--- Exercise description ---
Look below for the line with "Noc nad Rodanem, słynne" and the line with "Indoor entryway for". Copy exactly those two lines and every line between, but not the pictures.

--- Extracted records ---

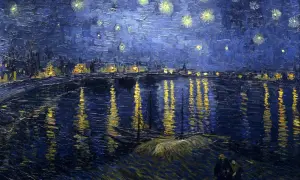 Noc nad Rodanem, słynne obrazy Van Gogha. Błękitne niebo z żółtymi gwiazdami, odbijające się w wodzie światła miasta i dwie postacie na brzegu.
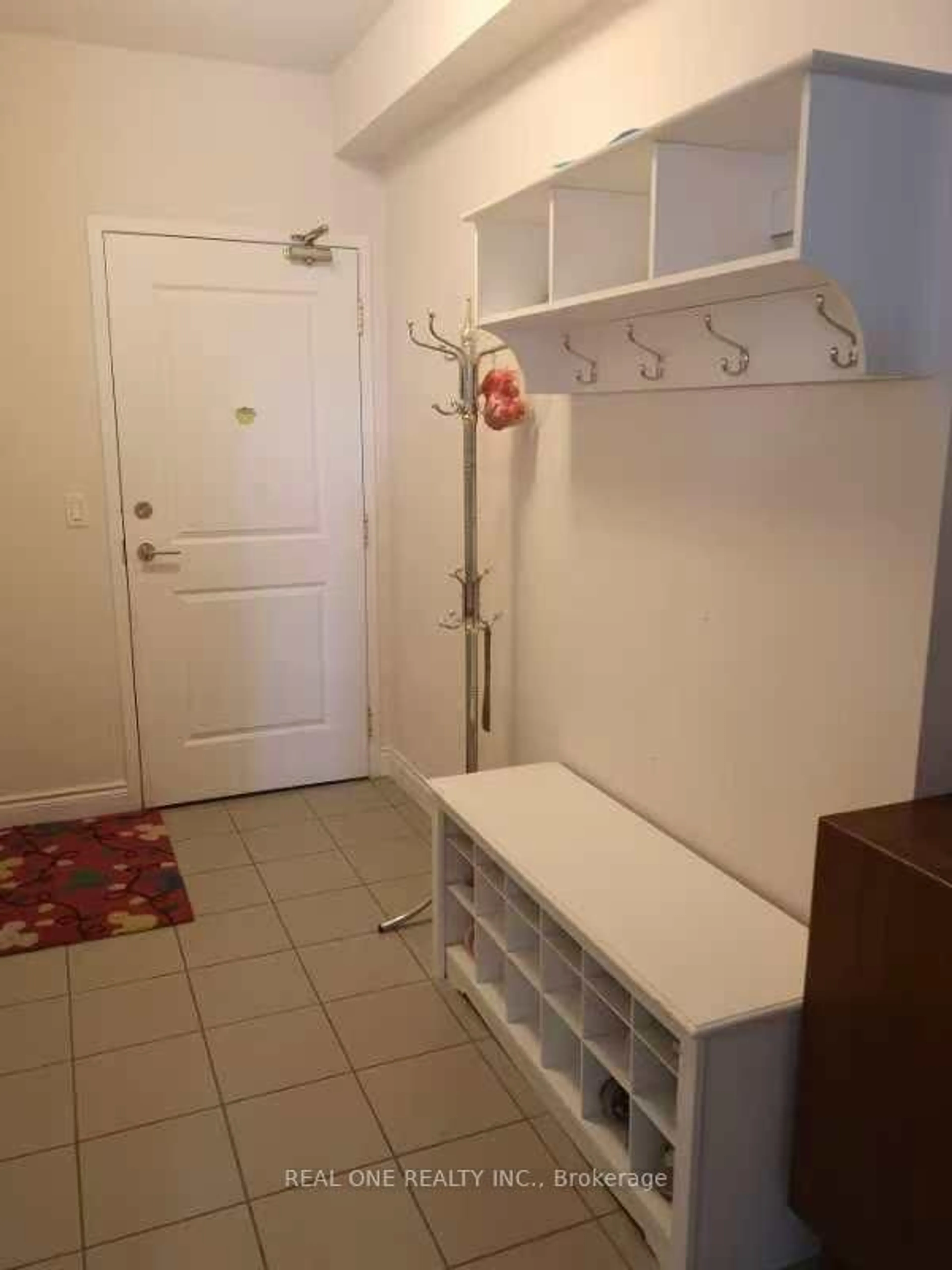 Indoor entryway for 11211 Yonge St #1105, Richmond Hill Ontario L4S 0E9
---
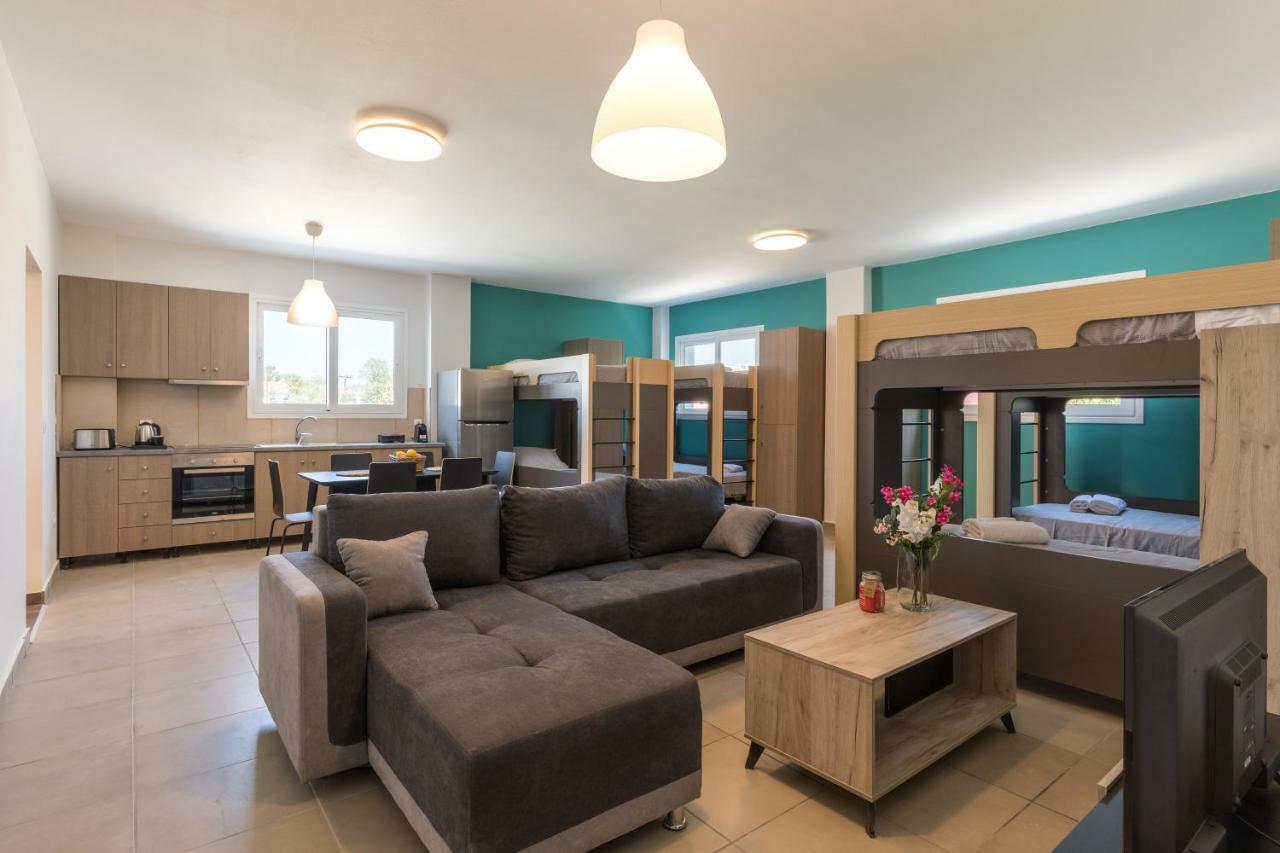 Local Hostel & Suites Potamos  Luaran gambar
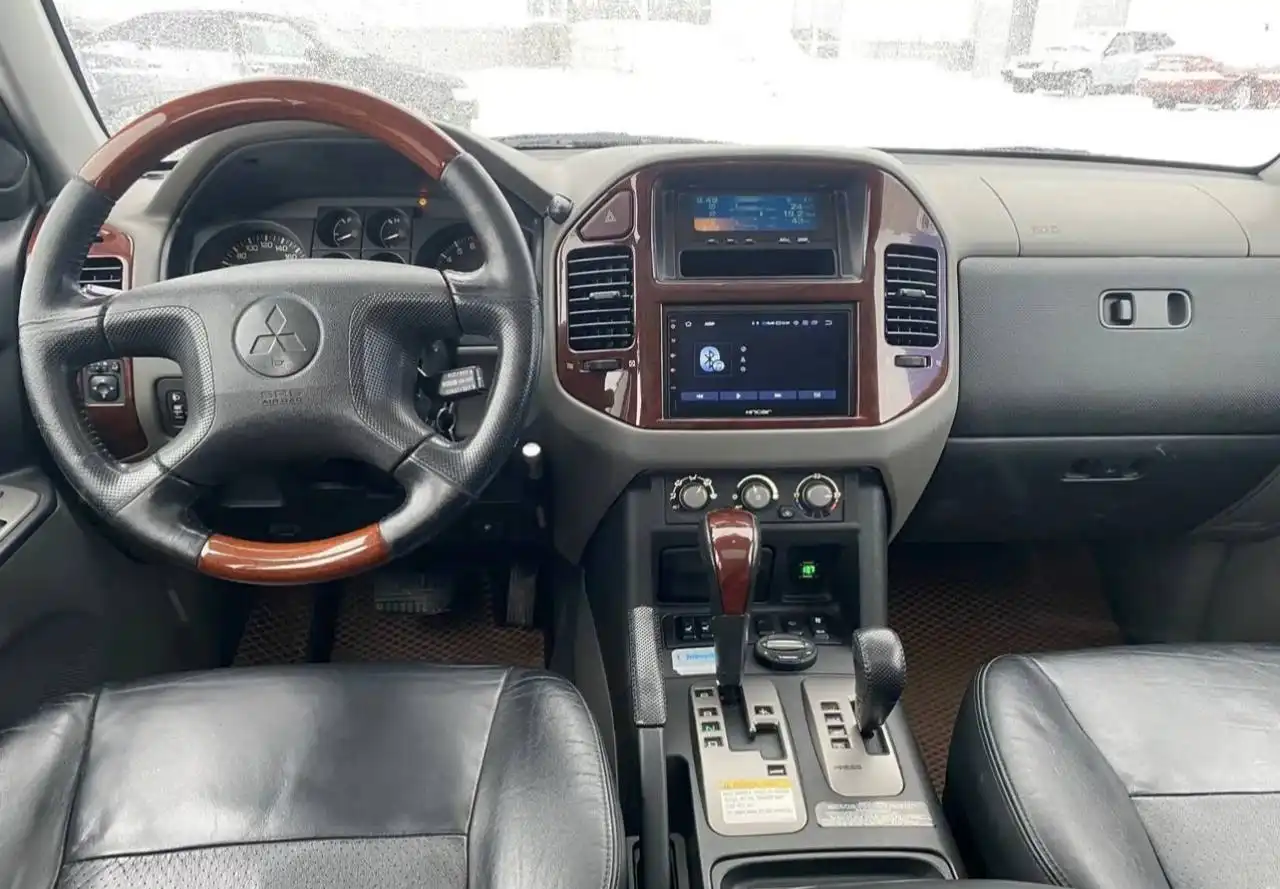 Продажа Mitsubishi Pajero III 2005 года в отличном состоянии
--
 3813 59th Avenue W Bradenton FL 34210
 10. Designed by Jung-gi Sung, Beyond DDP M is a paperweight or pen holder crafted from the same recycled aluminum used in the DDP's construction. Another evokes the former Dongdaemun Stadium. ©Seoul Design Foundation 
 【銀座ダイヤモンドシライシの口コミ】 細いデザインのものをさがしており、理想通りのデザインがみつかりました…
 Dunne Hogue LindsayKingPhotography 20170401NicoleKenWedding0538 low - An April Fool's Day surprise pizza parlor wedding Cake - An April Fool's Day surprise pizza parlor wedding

--- Result of the exercise ---
 Noc nad Rodanem, słynne obrazy Van Gogha. Błękitne niebo z żółtymi gwiazdami, odbijające się w wodzie światła miasta i dwie postacie na brzegu.
 Indoor entryway for 11211 Yonge St #1105, Richmond Hill Ontario L4S 0E9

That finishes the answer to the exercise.